# Choosing a pet



## Yossarian4 (Jun 14, 2010)

Hi everyone

Been reading the recent forum posts with interest and thought I'd ask your opinions. I'm currently looking to get a pet, and choosing which is proving to be difficult. I'm a student and the plan for this summer was to get a puppy. However, the degree I've chosen is more intensive than many so walking regularly for toilet breaks might not be so easy. Hence looking for an alternative.

I'm after something with some degree of responsiveness (more than, say, a guinea pig). Also a pet which doesn't need to be let out to the toilet, but which can be let out of it's cage (if there is one) and wont get lost under the sofa (like a hamster!). We have space to give a pet it's own room if required and have lots of hallways etc for safe roaming. I would like to preserve my carpets if possible (I mean from being shredded, not made dirty) although don't mind laying lino or whatever down in places. Another bonus would be being able to take it outside. I don't have a garden but we have a park 5 minutes away. I don't mind a diet which requires food to be prepared. Also would prefer to avoid much more vet cost than a dog, but initial outlay cost is not so much of a problem.

So far I think the best thing that fits is a ferret, although TBH I'd rather something larger/more companion-like.
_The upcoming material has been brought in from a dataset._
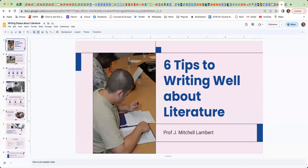Hi everyone. This mini lecture is on six tips to writing well about literature.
I've also looked into skunks and foxes, which is what I'm considering now, but wanted to know if there were any other suggestions.

I realise this is a longer post than I intended but I'm keen to get your useful suggestions!

Thanks a lot!


----------



## selina20 (May 28, 2008)

What about an African Pygmy Hedgehog??????


----------



## xNatashax (Nov 20, 2009)

a rabit could be gd


----------



## Yossarian4 (Jun 14, 2010)

selina20 said:


> What about an African Pygmy Hedgehog??????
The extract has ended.